そこで、デジタル化を進めることで生産性や品質向上に結びつけていく必要があるのです。
DXが実現されるとどうなるか
製造業でDXが実現されると、例えば今まで手作業で集計していた不良発生頻度を自動で集計することができるようになります。また、今まで集計してきた顧客のニーズやクレームをAIが解析することで、より顧客が満足できる製品を開発できるようになるでしょう。
外部機関との連携方法

専門人材やノウハウがない場合、DX推進には外部機関との連携が欠かせません。DX推進に外部機関と連携するには、主に以下の方法があります。
業務委託や業務提携
今まで一般的だったのが、契約締結によって連携する業務委託や業務提携です。業務委託とは特定の業務を外部の業者や個人に委託するもので、業務提携は特定の業務を複数の企業で協力して進めることを指します。
いずれも自社の独立性を保ちつつDXを進めることができる点がメリットです。
より強い結びつきの資本提携
資本提携とは、経営権を取得しない範囲で他の企業に出資することで協力することです。外部組織とより連携を深めることができるので、スムーズなDX推進が期待できる一方、一度提携すると失敗しても解消に手間がかかる点はデメリットでしょう。
そのほか、異なる組織文化や制度を持つ企業同士で出資し、ジョイントベンチャーを設立するという方法もあります。
オープンイノベーションを活用
ここまで紹介した2種類の連携方法では、一定の資金を必要するため、中小の製造業ではすぐに進めることが難しいかもしれません。そこで、自社負担が比較的少ない手法として近年注目を集めているのがオープンイノベーションの活用です。

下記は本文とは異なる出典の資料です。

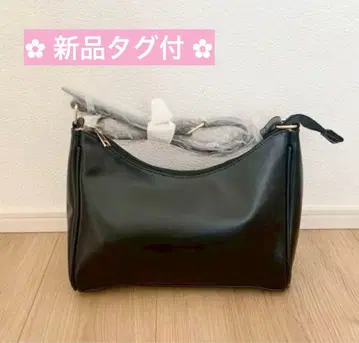 새상품* 숄더백 블랙 블랙 내추럴 꾸뛰르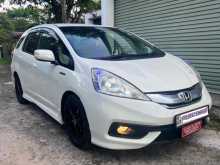 Honda Fit Shuttle GP2 2014 Car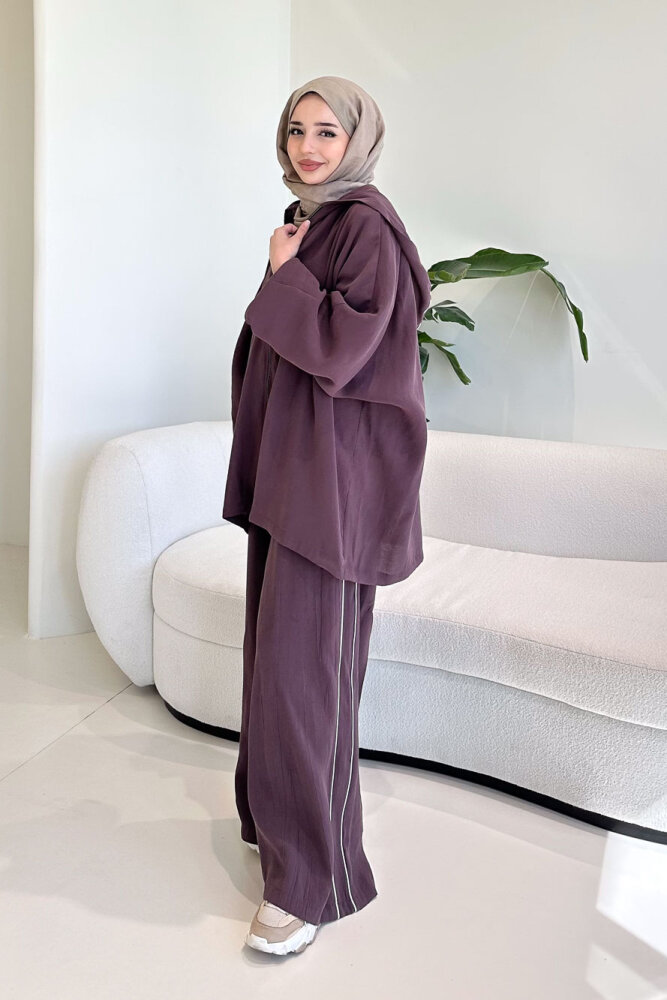 Biyeli Spor Takım - Gül kurusu - ALLMİSS (1)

オープンイノベーションとは、製品開発時に他社や機関の知識やノウハウなどを取り込み自前主義からの脱却を図る手法。オープンイノベーションに対して、開発時に必要な技術や知識を自社のみでまかなうことをクローズドイノベーションと呼びます。
DX推進にはオープンイノベーション

先ほど述べたように、DX推進に役立つ手法として最近活用されているのがオープンイノベーションです。ここでは、その理由や事例を紹介します。
なぜオープンイノベーションなのか
DXという言葉が広く知れ渡るようになり、導入を進める企業も増えてきました。しかし、導入を試みた企業の全てがDXに成功しているわけではありません。
特に製造業においては、DXに伴い今までの製造プロセスを大幅に変える必要があるため、現場に大きな負担をかけてしまいます。また、DXの知識や経験に長けた従業員がいなければ、何から優先すれば良いか職員が戸惑いを覚えるはずです。

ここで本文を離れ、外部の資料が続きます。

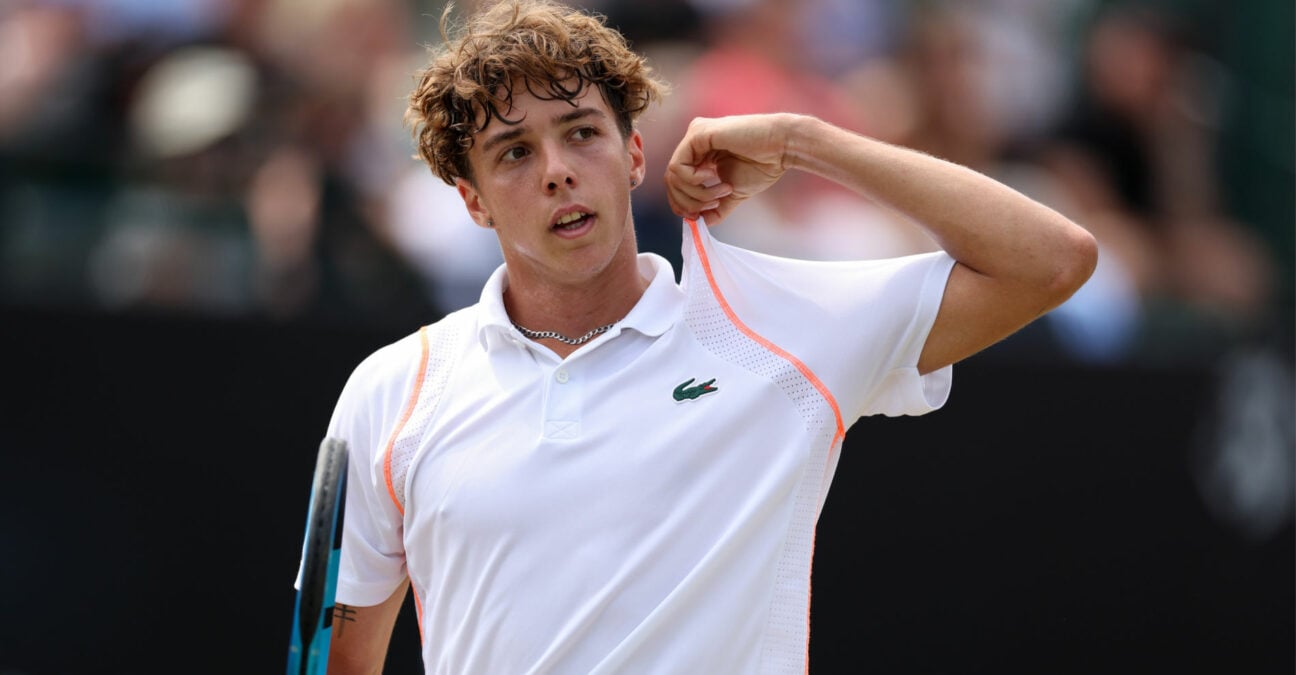 Arthur Cazaux at the 2023 Rothesay Nottingham Open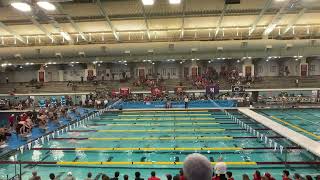 200 Medley Relay -Lorenz, Wiegand, Torepe-Ormsby, Scharff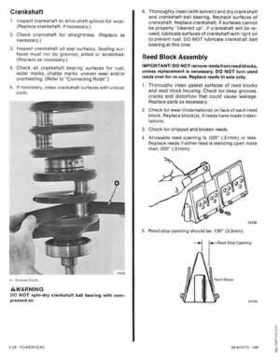Mercury Mariner V-250 V-275 Outboard Service Shop Manual 1990, Page 125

だからこそ、外部の知識やノウハウを生かすことができるオープンイノベーションの活用が役に立ちます。
製造業のオープンイノベーション事例
◆三菱電機とムセンコネクトによるオープンイノベーション事例
製造業では、すでにさまざまなオープンイノベーションが進んでいます。そのひとつが無線化支援サービスを提供するムセンコネクトによる取り組みです。

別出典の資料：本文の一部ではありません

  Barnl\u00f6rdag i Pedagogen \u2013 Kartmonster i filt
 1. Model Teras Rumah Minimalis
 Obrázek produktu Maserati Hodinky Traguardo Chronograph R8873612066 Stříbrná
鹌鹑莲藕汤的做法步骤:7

ムセンコネクトは2020年3月に三菱電機と共同で製造業向けの生産性向上が期待できるスマート工場化システムの実証実験開始を発表しました。ムセンコネクトは「三菱電機アクセラレーションプログラム2019」で三菱電機と共創パートナーに採択された企業です。
このように、大手企業がスタートアップなどと協業することを目的に開催されるアクセラレータープログラムはオープンイノベーションのひとつのきっかけとなります。
◆富士通株式会社による「FUJITSU ACCELERATOR」
製造業界でのアクセラレータープログラム事例は様々あり、総合エレクトロニクスメーカーの富士通株式会社もFUJITSU ACCELERATORというアクセラレータープログラムを実施しています。このプログラムの目的は「現場遠隔作業支援をサポートする革新的な技術、製品、ビジネスモデル」などの分野でスタートアップとの共創を実現することです。
DXのオープンイノベーション事例
製造業ではありませんが、DX推進にオープンイノベーションを活用したのがJAグループです。JAグループでは、農業の高度化と効率化(AgTech)やバンキングサービスの高度化と効率化(FinTech)などを対象にテクノロジーやイノベーションでよりよい社会へ価値を循環させていく場(AgVentureLab)を立ち上げました。
すでに少数のスタートアップ企業を短期集中的に支援することを目的にアクセラレータープログラムも実施し、2社が採択されています。
製造業もオープンイノベーションでDX

時代の移り変わりとともに国内の製造業を取り巻く環境も大きく変わりました。効率性を高め、品質の高いモノを提供してこれからの競争に勝つためにも、DXの推進が不可欠です。
しかし、DX推進は自社のリソースだけで進めることには限界があります。製造業を営む方で、DX推進を検討中であれば併せてオープンイノベーションの活用も考えてみてください。